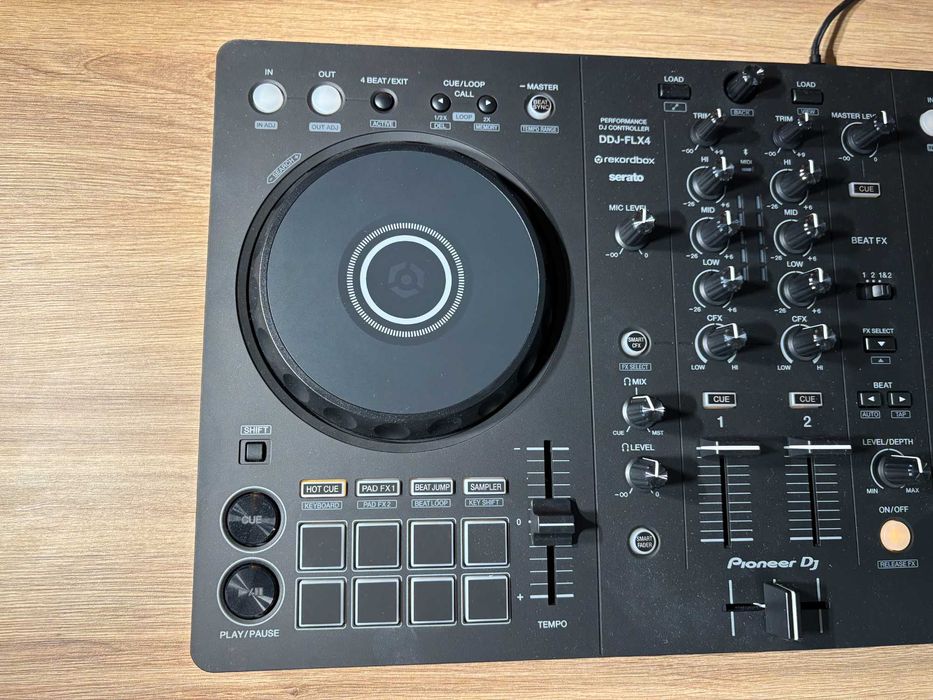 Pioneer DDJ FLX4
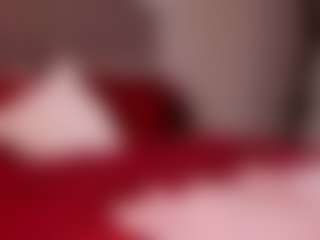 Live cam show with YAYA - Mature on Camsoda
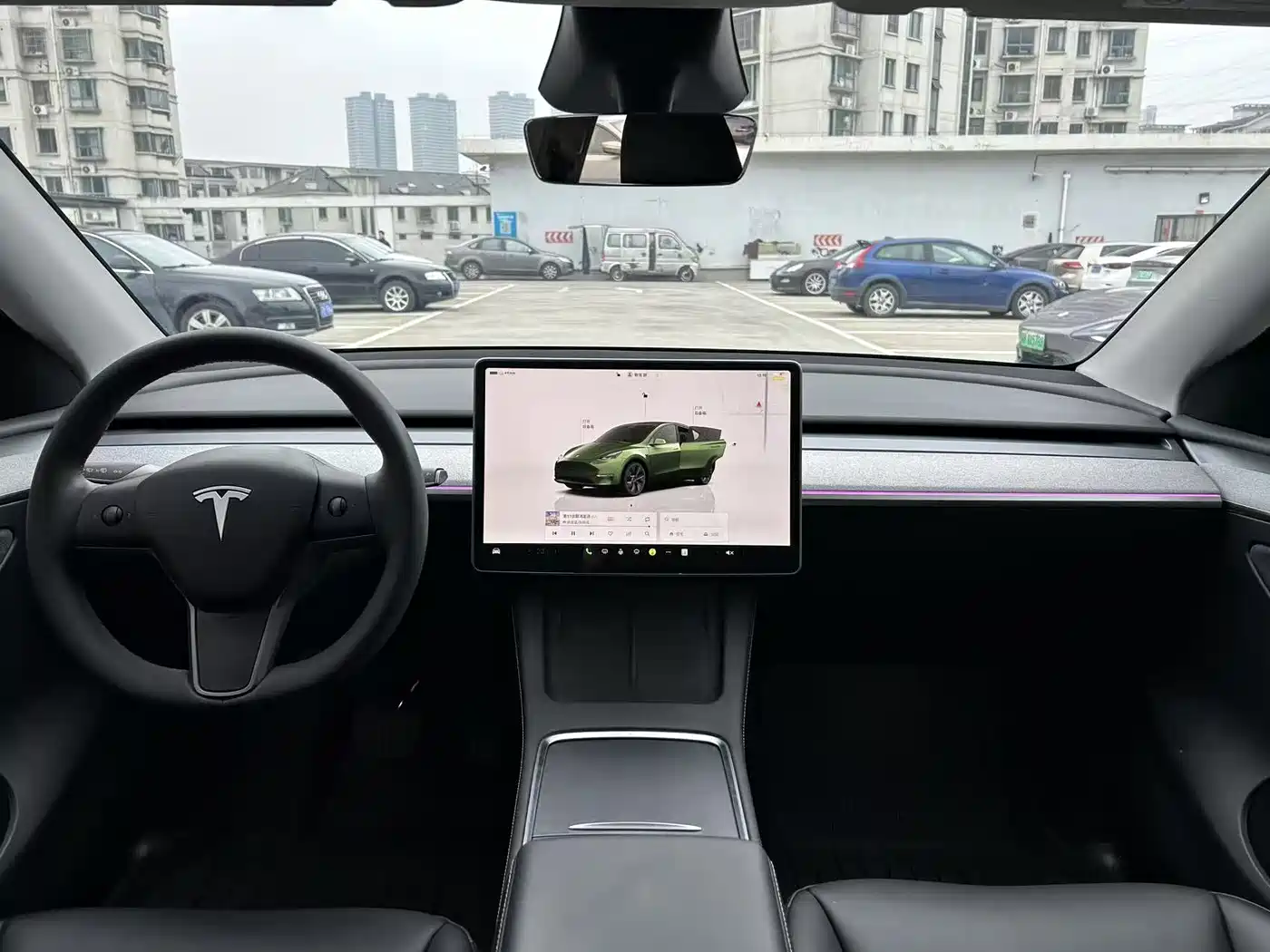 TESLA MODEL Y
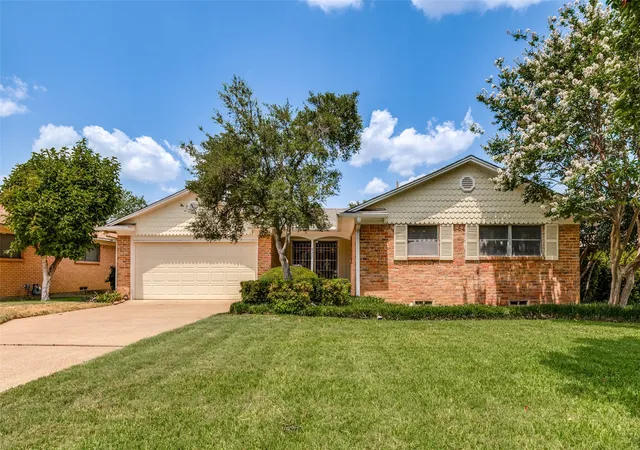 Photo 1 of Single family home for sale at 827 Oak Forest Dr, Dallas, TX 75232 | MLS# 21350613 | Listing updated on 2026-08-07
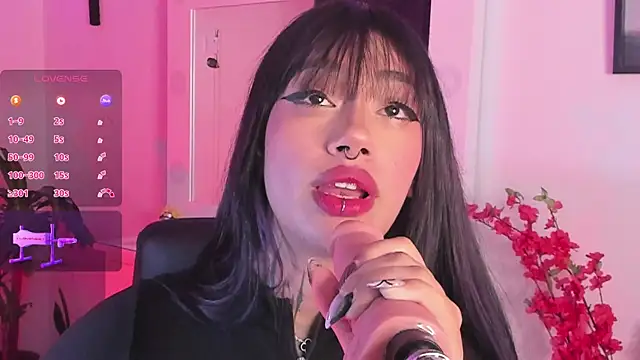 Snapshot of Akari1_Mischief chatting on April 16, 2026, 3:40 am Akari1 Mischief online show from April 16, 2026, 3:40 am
.....
→ **Directions**: The task calls for all records to be set down precisely, excluding any images.

→ **Response to this task**:
 Pioneer DDJ FLX4
 Live cam show with YAYA - Mature on Camsoda
 TESLA MODEL Y
 Photo 1 of Single family home for sale at 827 Oak Forest Dr, Dallas, TX 75232 | MLS# 21350613 | Listing updated on 2026-08-07
 Snapshot of Akari1_Mischief chatting on April 16, 2026, 3:40 am Akari1 Mischief online show from April 16, 2026, 3:40 am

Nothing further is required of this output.